For those unsure, equal means to be divided similarly.  For example, if we allow the privilege of driving on roads in automobiles, then everyone equally should have the opportunity to apply to do so.  If we say that everyone has a right to vote then is it enough to just say that every individual vote must count equally?  Not necessarily.  At least, not according to our founding documents.

We in the U.S. hold as a value the concept that every individual has certain basic natural or god given rights.  When it comes to those natural rights, it isn't enough to just ensure equal applicability of them.  We must recognize them equitably as well.  Thus we are not a simple democracy.  In a simple democracy in which a total tally of votes is taken the majority rules and the minority is over run.

However, there is something called "the mob" because people are often and more often than not, easily, manipulated into forming a voting bloc specifically for the purpose of creating a voting majority.  This is what we now often think of as "gaming the system".    The vote is supposed to ideologically represent a collection of individual votes based on each individuals values, beliefs, knowledge, etc...  When you have groups that try to manipulate people into making their vote based on affiliation with a group or political party as opposed to independent thought, you have an unethical manipulation or "Gaming the system".

Not only that, but the founding documents that establish this country are bound to ensure that every single citizen's natural rights are protected.  That no majority can collude to infringe upon or deny those basic natural rights from any one person, let alone a group of people with shared ideas or values.  In that alone, being "equal" is not enough.  We need to be very on top of what then is equitable or the "fairness" of the enforcement, defense, and application of laws and especially government practices.  Simple majorities in that case are not recognized.

Take for example the current examination of the electoral college after this election.  People claim that the popular vote was won by one candidate while the electoral college was won by the other.  Well, this is why the U.S. is not and never has been a simple Democracy.  It is a Republic because we do not allow a majority to hold sway over certain things that could or might likely interfere with or infringe upon individual's natural rights.  The representative government first role is supposed to be the stewardship and defense of every individual's natural rights.  This is why the Declaration is WAY more important than a lot of people want to give it recognition for.  The Constitution exists and the government formed therein specifically for the purpose of ensuring and defending those natural rights identified and recognized in the Declaration.

That means equitable as well as equal.  Those representatives and the government's first task is to protect the individual from the fickle majority.

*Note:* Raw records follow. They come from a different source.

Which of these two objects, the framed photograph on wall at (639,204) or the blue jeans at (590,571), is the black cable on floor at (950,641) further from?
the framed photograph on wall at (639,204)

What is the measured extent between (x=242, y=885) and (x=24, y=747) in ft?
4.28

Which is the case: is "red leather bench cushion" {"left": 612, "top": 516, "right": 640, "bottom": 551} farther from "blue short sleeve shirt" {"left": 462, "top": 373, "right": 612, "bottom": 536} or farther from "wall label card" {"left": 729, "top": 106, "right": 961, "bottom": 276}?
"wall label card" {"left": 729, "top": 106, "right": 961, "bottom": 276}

Urban areas collect a lot of people densely into geographically small areas.  Rural areas are often more widely dispersed and more sparely populated.  In terms of being equal, because there are more people in urban areas, a majority is very easy to be attained.    However, just because of the nature of easily formed majority of numbers into specific area, that does not mean those more widely and sparsely distributed areas have any less importance or value to their votes.  In a popular vote only the majority counts and urban areas notoriously win those because of sheer numbers.  The mob rules.

To be equitable, or to be fair about counting or valuing more individuals votes respectively, The electoral college seeks to level the playing field, so to speak, so that those people in those rural and less densely populated areas are represented as best as can be in such a large geographic area such as the U.S. covers.

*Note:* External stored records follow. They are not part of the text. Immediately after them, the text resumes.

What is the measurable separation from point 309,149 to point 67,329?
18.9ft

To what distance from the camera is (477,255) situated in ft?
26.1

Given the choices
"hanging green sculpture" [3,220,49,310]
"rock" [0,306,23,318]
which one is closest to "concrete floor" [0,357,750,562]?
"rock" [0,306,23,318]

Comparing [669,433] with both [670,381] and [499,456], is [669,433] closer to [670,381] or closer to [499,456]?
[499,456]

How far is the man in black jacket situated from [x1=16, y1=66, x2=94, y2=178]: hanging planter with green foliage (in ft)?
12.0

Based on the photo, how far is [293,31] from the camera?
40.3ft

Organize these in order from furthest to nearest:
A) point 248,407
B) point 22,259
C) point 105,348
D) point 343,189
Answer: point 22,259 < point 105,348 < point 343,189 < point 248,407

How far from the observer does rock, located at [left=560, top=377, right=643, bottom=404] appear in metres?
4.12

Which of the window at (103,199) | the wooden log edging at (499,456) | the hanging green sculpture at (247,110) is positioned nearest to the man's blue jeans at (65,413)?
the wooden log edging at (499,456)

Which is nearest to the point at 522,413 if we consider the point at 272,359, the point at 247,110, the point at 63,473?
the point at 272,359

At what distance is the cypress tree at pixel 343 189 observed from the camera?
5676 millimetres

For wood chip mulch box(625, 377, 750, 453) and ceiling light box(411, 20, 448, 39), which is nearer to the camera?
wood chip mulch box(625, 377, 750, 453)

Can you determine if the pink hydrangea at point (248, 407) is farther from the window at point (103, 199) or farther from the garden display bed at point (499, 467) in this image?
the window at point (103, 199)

The people wanting to do away with the electoral college only care about being equal in that everyone got to vote but don't care one whit that everyone's vote counts or is represented equitably.  They believe that popularity must equal "right".  That's not how it works here.  History has taught us nothing if not that large groups of people can be led into making bad decisions.  Remember our mothers words to us as children.  "Just because "Everyone" seems to be doing it doesn't make it right.  It only means that it is popular."

Is the electoral college the perfect way to ensure equitability?  No, but then, as people, we are fooling only ourselves if we seriously think we will ever accomplish anything perfectly.  As a matter of fact, the more people involved only increases the likelihood that it will go less perfectly.

So, very sorry to burst any bubbles out there, but in the U.S. your majority does not matter when it comes to making sure the minority does not unfairly have their rights infringed upon.

I hate to say it, I voted for Johnson, but the pun cannot be ignored...  Equitability "trumps" popularity when it comes to defending individuals natural rights.